Bossi: «Pronti a dare la vita per la Padania»

Il leader della Lega minaccia l’Aventino se passa il referendum elettorale. «Alle amministrative solo con chi sta col Nord»

Bossi: «Pronti a dare la vita per la Padania»

Nostro inviato a Vicenza

Torna a Vicenza il Parlamento del Nord, con Umberto Bossi ad arringare gli oltre 500 delegati rilanciando la «battaglia per la libertà» contro «lo Stato schiavista che ci porta via tutto» e adombrando una quantomeno improbabile «rivolta della gente» di Lombardia, Veneto e Piemonte che «comincia a pensare che bisogna tirar fuori il fucile». Con tanto di monito: «Ci sono milioni di persone pronte a battersi anche fino alla fine». Toni da anni lontani, quando nel ’96, all’indomani della dichiarazione d’indipendenza della Padania, nacque il primo Parlamento padano. Con la differenza che allora si parlava di secessione, mentre oggi - nonostante rappresenti «un’attrazione enorme» per tanti - «non c’è alcun ritorno a quell’idea».
Una riunione, quella di ieri, più tecnico-istituzionale che operativa. Con interventi sui sistemi federali in Europa, sul federalismo fiscale e sull’attuazione dell’articolo 116 della Costituzione. E il voto di quattro mozioni: sull’istituzione di un coordinamento delle ronde padane, sull’apertura di una fondazione dedicata a Gianfranco Miglio (mozione Borghezio), sull’immigrazione (Gibelli) e sulle prospettive politiche del Carroccio (Calderoli). Tutte votate all’unanimità, con diligente e quanto mai retorica alzata di mano, al punto che non si registra neanche un’astensione.
E il passaggio chiave della prima seduta del Parlamento del Nord (riunito alla fiera perché la palladiana Villa Bonin sarà disponibile solo dalla prossima seduta, il 10 marzo) sta proprio nella mozione Calderoli.
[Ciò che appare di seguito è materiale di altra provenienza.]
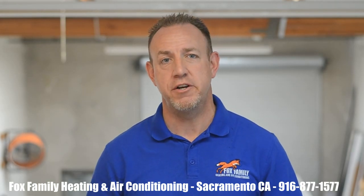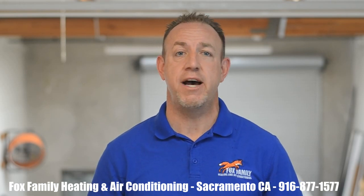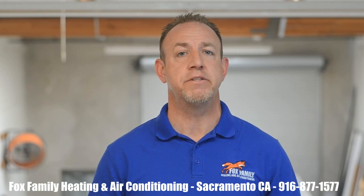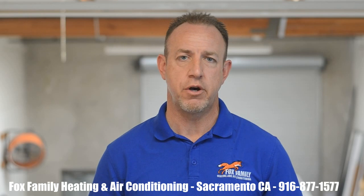I appreciate you all for watching our videos here at Fox Family in Sacramento. I would love to hear your comments as a technician out in the field about how your company practices service calls and maintenance regarding hooking up your gauges every time you're out on a service call.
Che nel caso passi il referendum sulla legge elettorale prevede il «ritiro di deputati e senatori dal Parlamento italiano». In una parola, l’Aventino. In questo caso «si dovrà riconoscere soltanto il Parlamento del Nord come unica istituzione legittimata». Poi il passaggio sulle alleanze, che per le amministrative potranno essere fatte solo con «forze politiche presenti nel Parlamento del Nord e con i partiti che si impegnino a riconoscere la Padania». Una richiesta politica, se in più di un intervento (il segretario piemontese Cota su tutti) si sottolinea come il referendum sulla devoluzione abbia «sancito» che «c’è una grande differenza tra Italia e Padania». Un punto su cui i vertici del Carroccio aspettano una risposta di Berlusconi. Per il momento, ripete quindi Bossi, «sulle alleanze ancora non abbiamo deciso». Sul piatto, spiega il Senatùr, c’è soprattutto la riforma elettorale. «Siamo qui per parlarne - dice - a partire dal modello tedesco». Insomma, serve un sistema «equilibrato» che «garantisca anche partiti a forte radicamento regionale» altrimenti «ci potrebbero essere pericolosissimi incidenti».
Il leader della Lega, insomma, cavalca l’onda movimentista. Al punto di ipotizzare un «patto con il diavolo» pur di ottenere il federalismo. «Altrimenti - spiega al Tg1 - se si va avanti così si finisce male». E per diavolo s’intende il centrosinistra, «visto che Maroni lo dice tutti i giorni e non posso certo smentirlo». Anche se, aggiunge Bossi, «non vedo da parte loro la volontà di andare avanti».


La assise padane si concludono con la nomina per acclamazione di Roberto Maroni a presidente. Così, scherza il Senatùr, «in tribunale non ci vado solo io ma vieni anche tu... ». Poi, una battuta un po’ spinta per una giornalista «porcella», con tanto di buffetto.